The aim of this course lies in elucidating the historical background, processes, and the consequent significance, of the development of the geometrical theories, of which the important ideas can be found nowadays in diverse areas of mathematical sciences, and thereby fostering deeper insight into the modern mathematical sciences in general.
Students will learn the contents of Euclidean geometry, as well as its axiomatic form and the logical outlook, by which they will have a good understanding of the history of the deductive methods by logical proofs, which has already been inherited from classical Greek. They will also be able to establish reasonable insight into the historical processes, from the struggles with the parallel postulate to the discovery of non-Euclidean geometry, and furthermore to the modern theories of geometry, whereby the fundamental sprit of mathematical sciences in general, not only geometrical theories, has been developed.
Ancient civilization, Greek philosophy, Euclidean geometry, parallel postulate, modern European philosophy, non-Euclidean geometry, Riemannian geometry, mathematical sciences
|Specialist skills||✔ Intercultural skills||Communication skills||Critical thinking skills||Practical and/or problem-solving skills|
As with all the other courses in this category (400 Transdisciplinary Course), this course is offered in the "Active Learning" mode which requires students to take an active role in their own learning.

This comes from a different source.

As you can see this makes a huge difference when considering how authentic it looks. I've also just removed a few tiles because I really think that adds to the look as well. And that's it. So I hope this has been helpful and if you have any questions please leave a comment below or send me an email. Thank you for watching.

Class attendance is required and taken into account for grades.
Homework will be assigned at the end of a class session (a standard lecture), and the first half of the following class session will be devoted to the discussion on the homework.
|Course schedule||Required learning|
|Class 1||Establishment of Euclidean geometry and its history (Kato)||Details will be provided during each class session|
|Class 2||The history of the parallel postulate (Kato)||Details will be provided during each class session|
|Class 3||Mathematics in the European "Aufklarung" and the discovery of non-Euclidean geometry (Kato)||Details will be provided during each class session|
|Class 4||Mathematics and mathematical sciences in the system of knowledge (Takuwa)||Details will be provided during each class session|
|Class 5||A local "realization" of non-Euclidean geometry 1: Beltrami's pseudosphere (Yamada)||Details will be provided during each class session|
|Class 6||A local "realization" of non-Euclidean geometry 2: lines on the pseudosphere (Yamada)||Details will be provided during each class session|
|Class 7||A local "realization" of non-Euclidean geometry ３: triangles on the pseudosphere (Yamada)||Details will be provided during each class session|
To enhance effective learning, students are encouraged to spend approximately 100 minutes preparing for class and another 100 minutes reviewing class content afterwards (including assignments) for each class.

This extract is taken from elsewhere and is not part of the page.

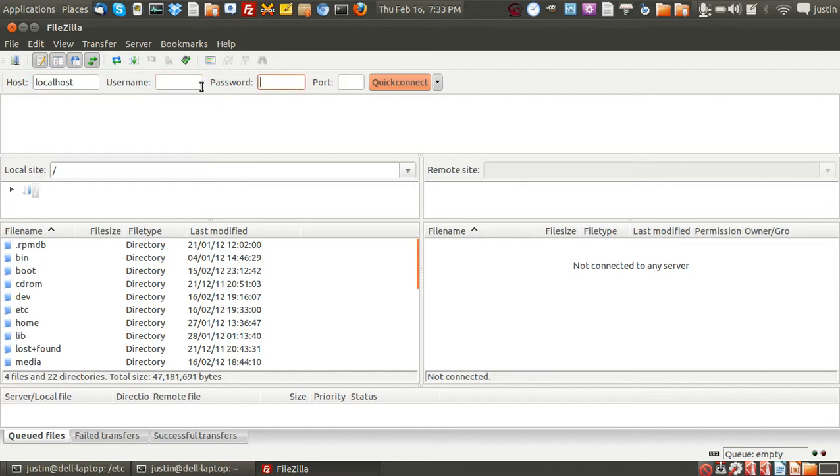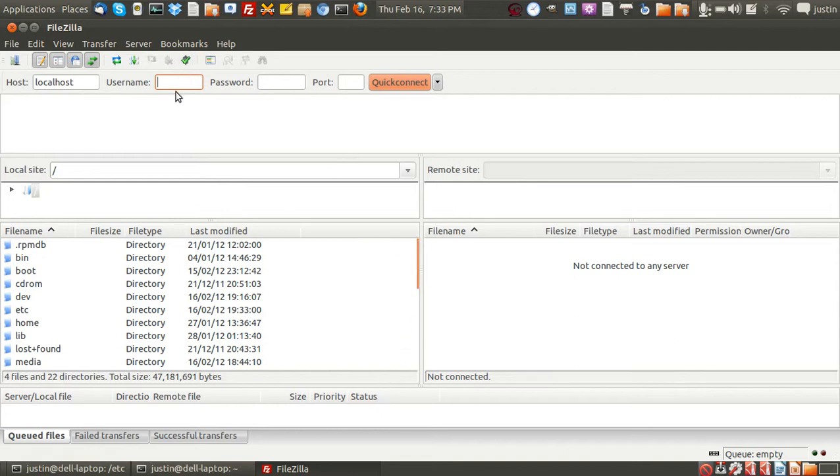Then username and password. You might think well you haven't set one up but actually this Very Secure File Transfer Protocol vsftpd is innately connected to your Linux box or your Linux operating system. So simply use your username already and your password and then of course the port number which is for FTP the world over always port 21.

They should do so by referring to textbooks and other course material.
Jean Dieudonné "Abrégé d'histoire des mathématiques, 1700-1900", éditions Hermann, 1996 (ISBN-10: 2705660240)

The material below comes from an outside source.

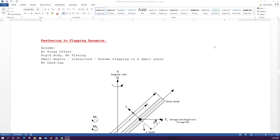Now I'd like to talk about feathering and flapping dynamics, which relate to longitudinal and lateral cyclic pitch. This is often overlooked and misunderstood with helicopters. The key conclusion is that there is a 90-degree phase lag between flapping and feathering — when you input maximum feathering at a given azimuth, maximum flapping occurs 90 degrees later.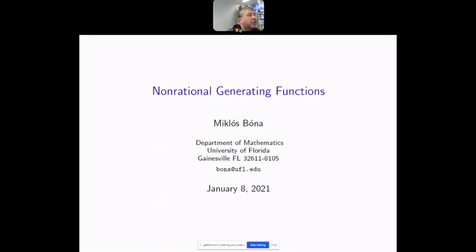Thank you. I would be very happy to be in Brazil right now — this would have been my first time — but maybe in the future. The main motivation for my talk is the following.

John Stillwell "Mathematics and its history", Springer, 2010 (ISBN-10: 144196052X)
For the credits of this course, as with all the other courses in this category (400 Transdisciplinary Course), students have to submit an original paper which addresses "the nature and scope" of the given field/discipline and its "social role." An important part of assessment is made on the quality of the paper. Details of the requirements of the paper will be explained in the first class meeting.
It is required to be familiar with calculus and linear algebra, at least at the level of university freshmen.